Папу обожали все — от медсестер до молодых коллег, вчерашних студентов. Он, как я понимаю теперь, обладал харизмой — и мужской, и деловой. Невероятное сочетание. Он умел и обаять, и убедить. Мама им восхищалась и даже не скрывала этого. Мне кажется, ее завораживала та черта характера папы, которой не было у нее самой.
Папа разговаривал на равных и с санитаркой, и с профессором. Не делал разницы. Для него они были равны. Мама же четко соблюдала субординацию — она была врачом и вряд ли знала, как зовут санитарку. Папа же знал, как зовут детей и внуков санитарки, и всегда справлялся об их здоровье и успехах. Мама считала это лишним знанием. Они были по-разному устроены. Почти во всем.

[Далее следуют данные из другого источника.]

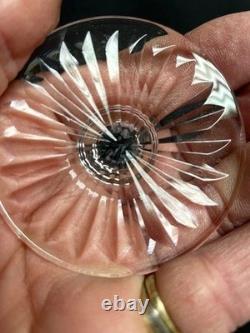 Saint Louis TOMMY Blue Cut To Clear Crystal Glass 6 Claret Wine Goblet France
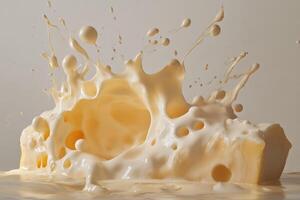 A Splashy, Creamy, and Swirling Block of Cheese photo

Мама говорила громко, как учительница. Разговаривала с пациентами так, что было слышно за дверью. А если пациент не понимал, упрямился или отказывался от лечения, мамины крики были слышны на всю поликлинику.

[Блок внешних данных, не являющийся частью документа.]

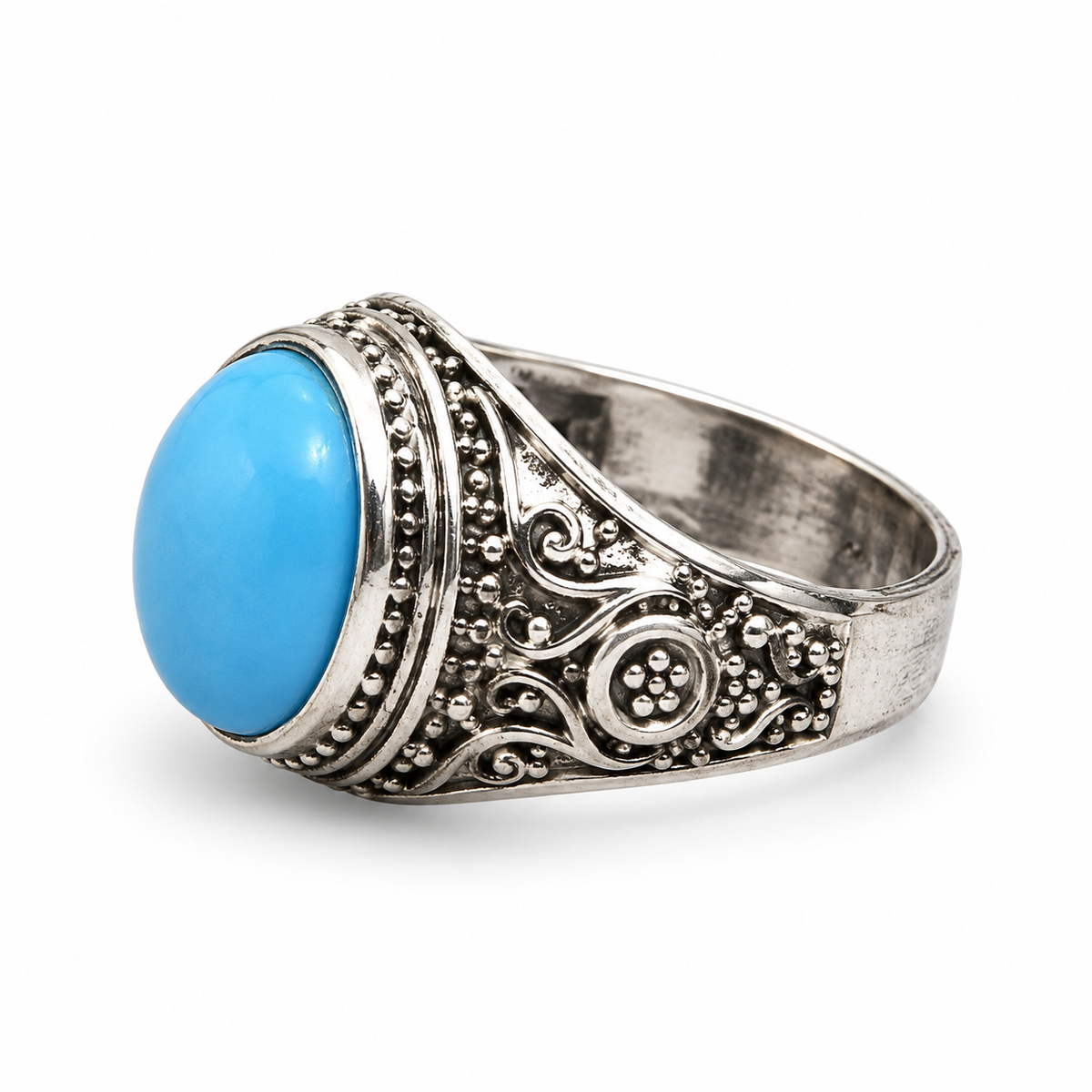 Sky-Blue Oval Ring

У папы был тихий голос. Очень тихий. До такой степени, что мы с мамой практически читали по губам. И очень красивый тембр — глубокий, сочный. Когда он говорил о чем-то важном или волновался, то переходил практически на шепот. И удивительно — все вокруг умолкали и начинали слушать. Папе нравилось читать лекции, выступать, учить, быть в центре внимания. Он и на операцию выходил как на сцену. Это был только его спектакль, бенефис. Мама рассказывала, что после удачной операции он вскидывал руки и кивал, будто кланялся восхищенной публике. Надо признать, что публике было чему аплодировать.

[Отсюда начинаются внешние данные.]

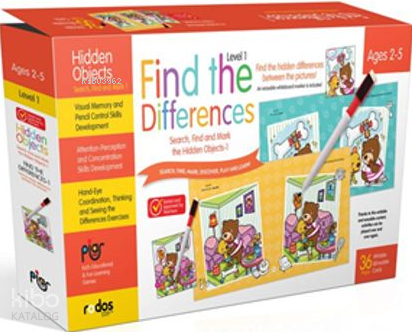 Find the Differences-1 (Level 1) - Search, Find and Mark the Hidden Objects-1 - Ages 2-5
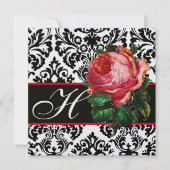 MOOIE ROZE ROOS  ZWART WIT  DAMASK MONOGRAM KAART (Voorkant)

Мама же не ждала оваций и благодарности. Она отчитывалась только перед собой — сама себя хвалила и сама себя ругала. Чаще ругала, чем хвалила. Она всегда была недовольна собой — в сложных случаях не находила себе места. Долго прокручивала в голове, что еще могла сказать, что еще прописать.
Папа практически всегда был уверен в успехе, в результате. Он в себе не сомневался. Или не показывал виду? Не знаю.
У папы было много учеников, преданных, толковых, талантливых. Правда, у него была еще одна особенность. Он был влюбчив. Влюблялся в человека и превозносил его до небес. Только эта любовь была хоть и яркой, мощной, но очень кратковременной — он мог так же быстро разочароваться во вчерашнем любимчике и «поставить на нем крест». Мама же никогда не доверяла первому впечатлению, ее уважение и расположение нужно было завоевывать, она проверяла «на вшивость» долго и тщательно. Зато, проверив, приняв и начав уважать, никогда не отказывалась от своего мнения, что бы человек ни сделал и что бы о нем ни говорили. Она стояла за «своих» до конца. Папа же «сдавал» спокойно и без жалости.
— Ты, как барышня или весенний ветерок, — сердилась на него мама, когда папа рассказывал ей об очередном талантливом «мальчике». — Люблю, не люблю… Завтра же плюнешь и к черту пошлешь. Так нельзя.
— Только так и можно! — горячился папа. — Нужно очаровываться и разочаровываться. Полумер не бывает.
— Бывает. Человек может быть «практически здоров». Нет идеальных людей. Нет абсолютно здоровых.

— Я не хочу. Мне так неинтересно, — обижался папа, как ребенок.
И мама знала, что не сможет его переделать и переубедить.
Евгений Соловьев был последним папиным любимчиком. Папа звал его в наш дом и всем рассказывал, какой Женечка талант, какой самородок. Женя в это быстро начал верить.
— Не надо так превозносить мальчика, — сказала мама папе, — он еще молодой. Поверит тебе и начнет делать ошибки.
— А если не поверит, то у него ничего не получится. Пусть лучше будет завышенная самооценка, чем заниженная. Как у меня! — Папа хохотнул.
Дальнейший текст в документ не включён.